Edgar Degas. « Après le Bain »
Moment pur, moment volé. Observer une femme nue, une femme à la toilette, en vrai ou en rêve. Cet instant où la tête se relève, ce dos qui se cambre légèrement comme ployé par la lourde chevelure humide.
Cette pointe de sein fière, des hanches rondes pleines de forces. Les deux bras levés font saillir des muscles trahissant l’énergie de la belle épiée.
Intérieur chaud, la chaleur du bain laisse la place au velours des sièges. La serviette blanche mue par une main invisible peine à envelopper la toison rousse et abondante de la Vénus d’un soir.
Sait-elle que je suis là derrière, amoureux et curieux, attendri et excité ? Va-t-elle se retourner effrayée ou flattée ? Va-t-elle mettre fin à cet instant de grâce ou aura-t-elle l’élégance d’oublier qu’elle n’est pas seule en continuant à charmer son spectateur caché ?
Le frottement de la serviette cache peut-être le bruit des quelques gouttes qui finissent leur courte vie sautant d’un corps magnifique qui les rejette vers une baignoire devenue inutile.
Le corps chaud, prêt pour le plaisir ou le rêve, sent la présence invisible. Poursuivre une scène rare et faire durer l’attente ? Refuser la banalité d’un mot de trop, laisser parler le geste, attendre le regard complice. Laisser l’autre inviter, être prêt, préparer son entrée, surprendre sans rompre le charme.

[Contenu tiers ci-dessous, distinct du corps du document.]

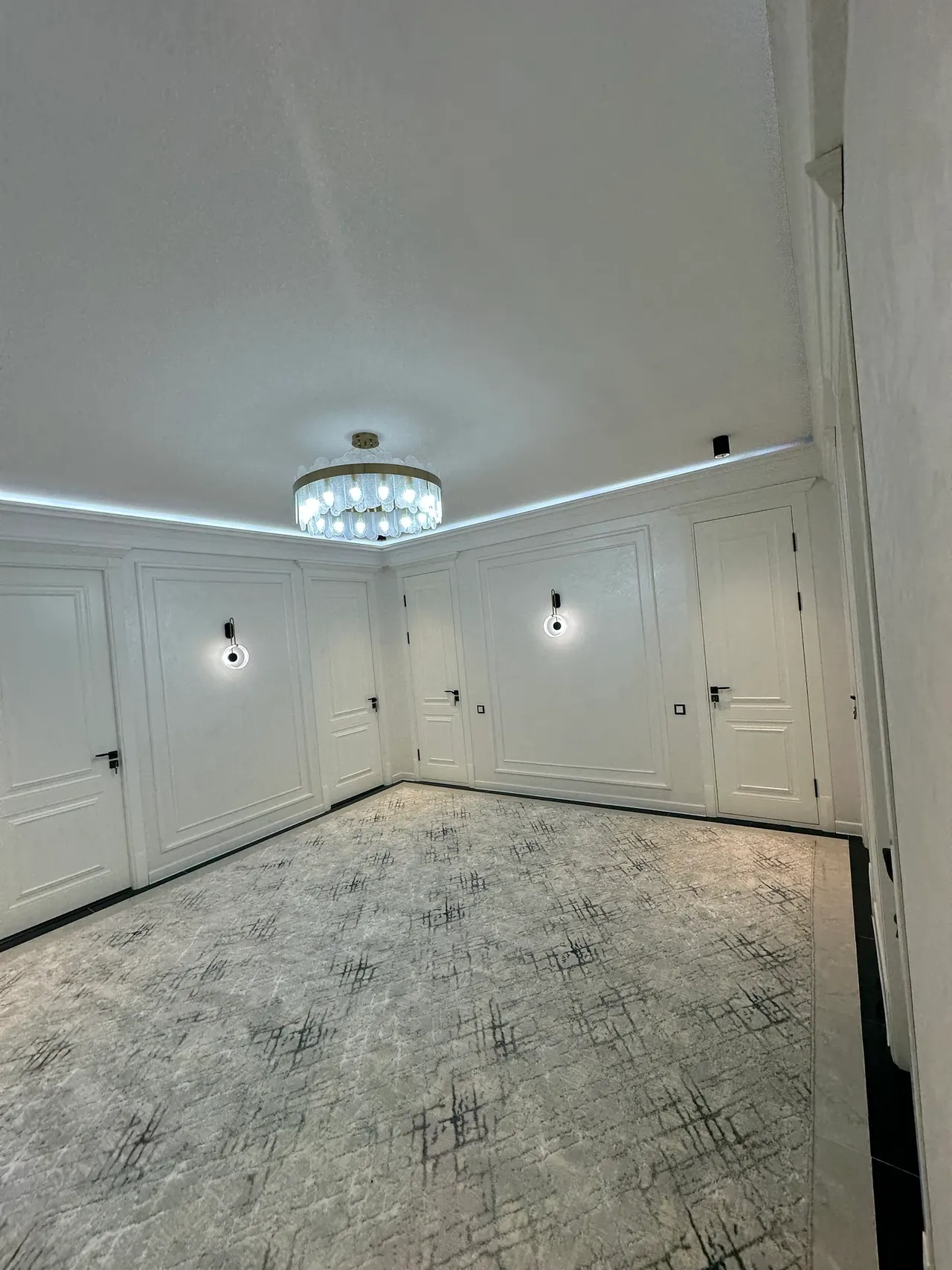 Сотилади 3 хонали квартира, 111 м², 5/6 қават — Самарқанд шаҳри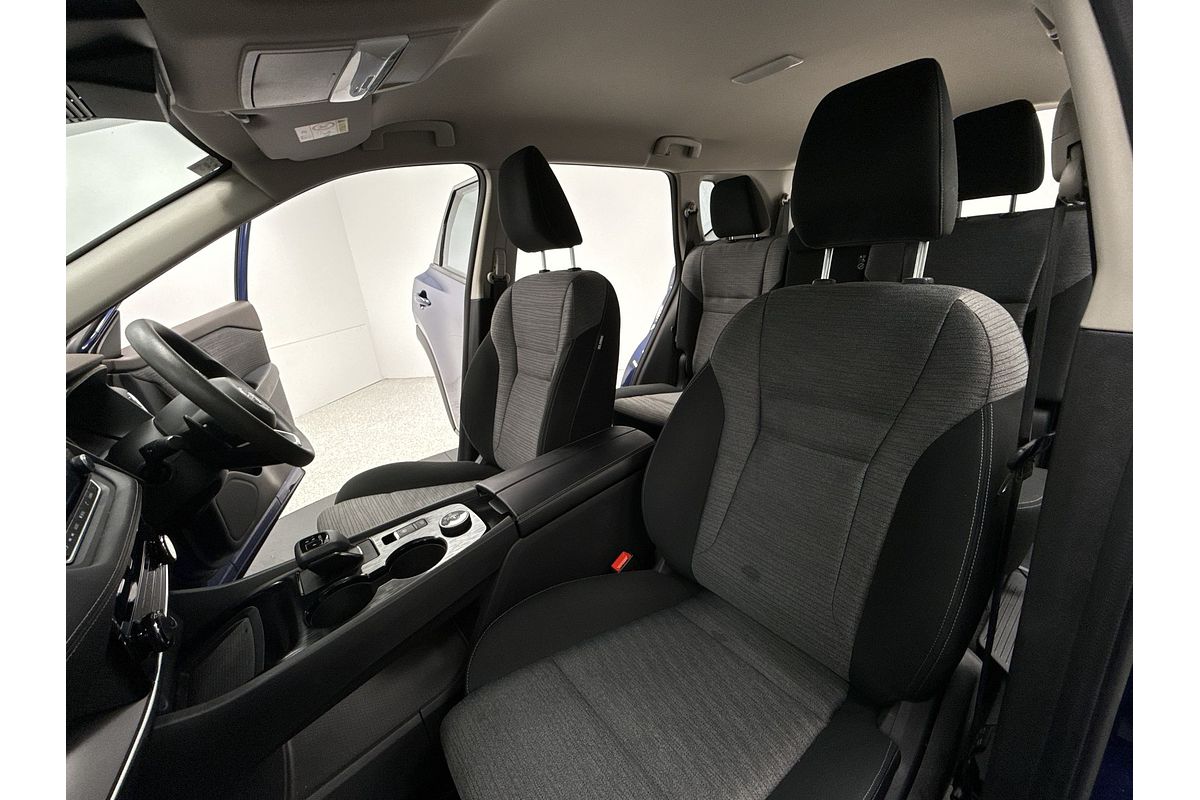 2022 Nissan X-TRAIL ST T33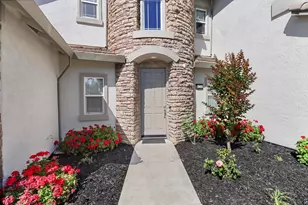 3733 Clubside Ln, Sacramento, CA 95835 - Photo 3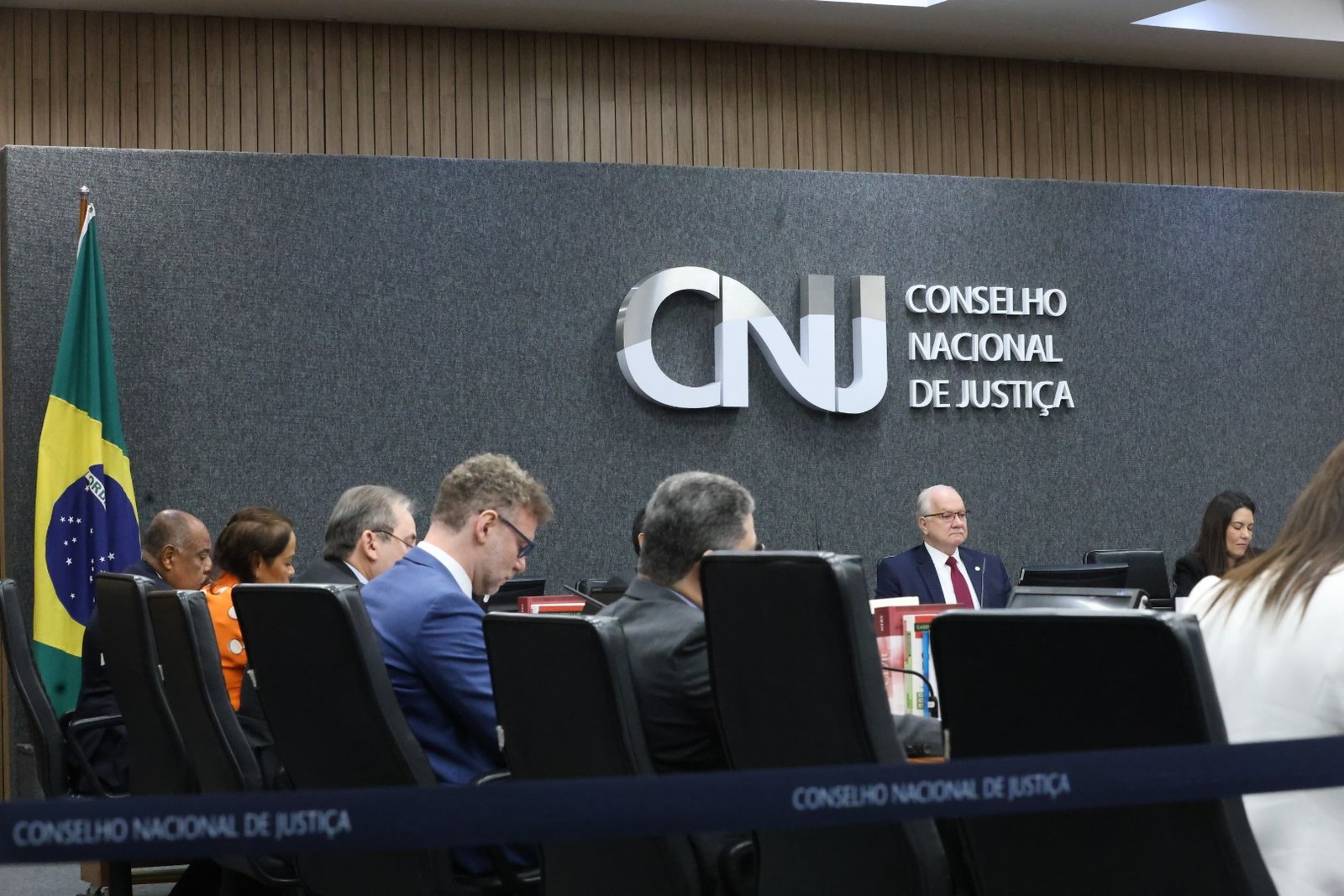 Quinta Turma do STJ faz a plenitude da defesa prevalecer sobre a preclusão e mantém júri anulado por peritos não ouvidos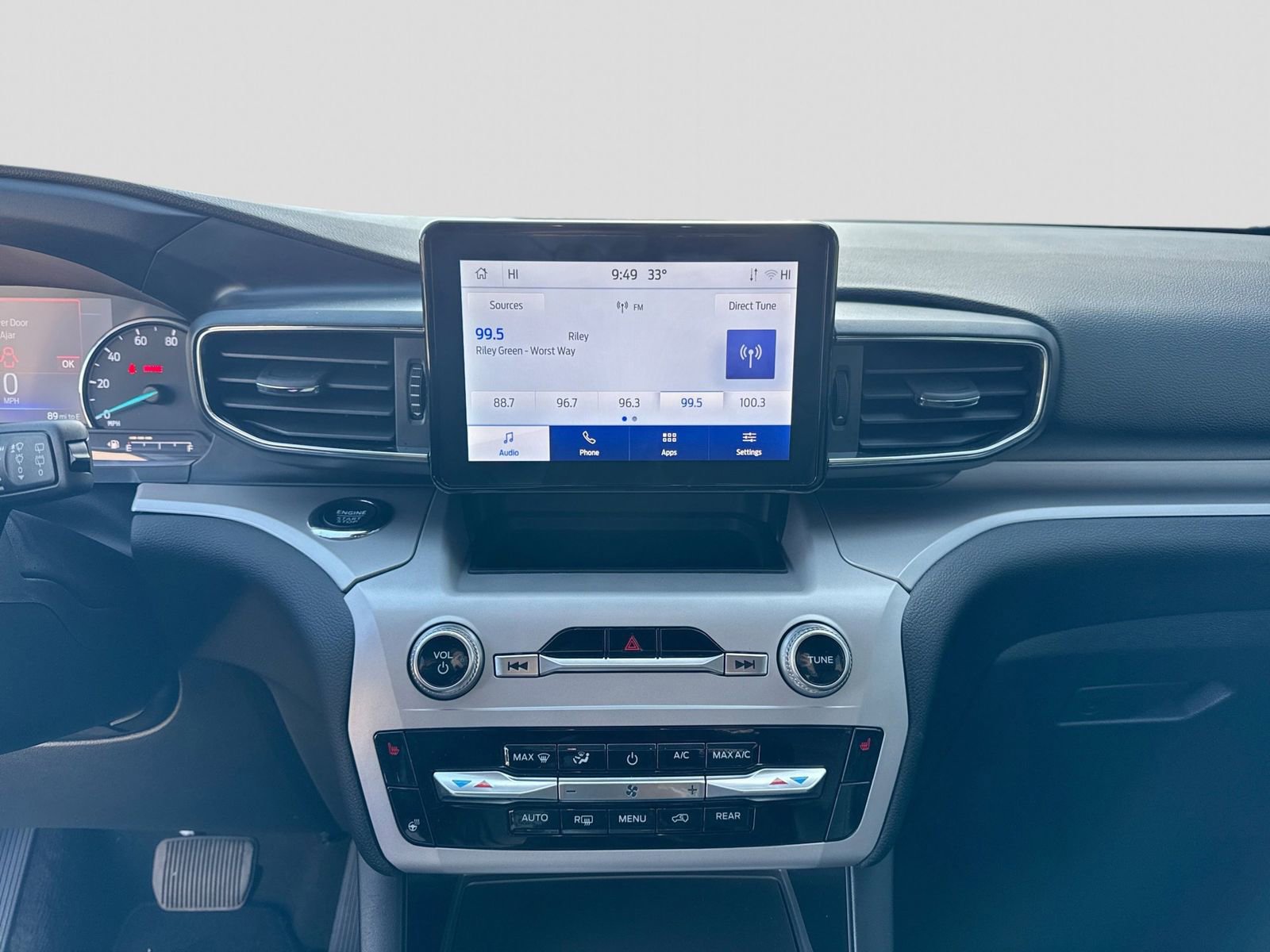 Certified 2024 Ford Explorer XLT w/ Equipment Group 202A image 30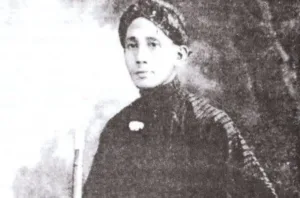 Mengenal Sosrokartono, kakak RA Kartini yang dikenal sebagai poliglot, wartawan internasional, dan penerjemah Liga Bangsa-Bangsa.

Imaginer ce moment d’abandon où la belle aux formes parfaites hésitera entre le repos ou de nouveaux plaisirs. Rejoindre l’autre enfin …
… en remerciant Degas pour son regard captant le bonheur et son habileté à transformer notre quotidien en tableaux merveilleux.
E. Degas. » Femme Nue Etendue »
» Sacrifice constant à l’expression du geste, obstinément cherché dans les actes les plus précis de la toilette, l’enjambement de la baignoire, les bras levés pour tordre ou peigner les cheveux, la pression de la serviette ou de l’éponge sur les seins.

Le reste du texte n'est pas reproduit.